Every line of the listing must be reproduced as it stands. Leave the images behind.

PROVIDED DATA
*** Begin section ***

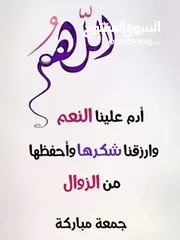  1 شقه للبيع مفروشة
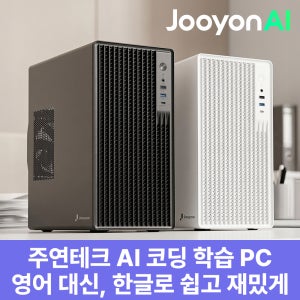 주연테크 브웨이 AI PC 한글코딩 AI코딩튜터 인텔 울트라5 225 호랑에듀 AI코딩 PC 교육용 데스크탑 D1v225HRW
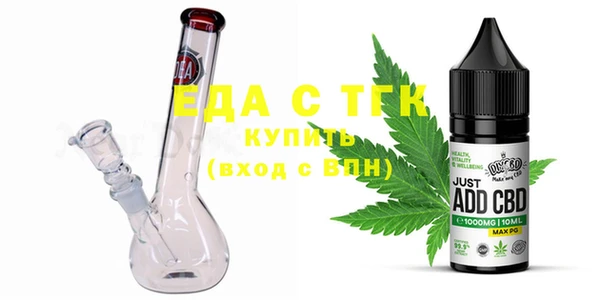 ешки Аркадак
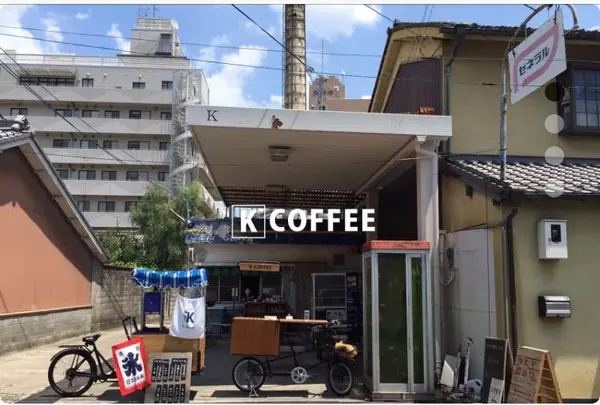 K coffee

*** End section ***

EXERCISE OUTPUT
  1 شقه للبيع مفروشة
 주연테크 브웨이 AI PC 한글코딩 AI코딩튜터 인텔 울트라5 225 호랑에듀 AI코딩 PC 교육용 데스크탑 D1v225HRW
 ешки Аркадак
 K coffee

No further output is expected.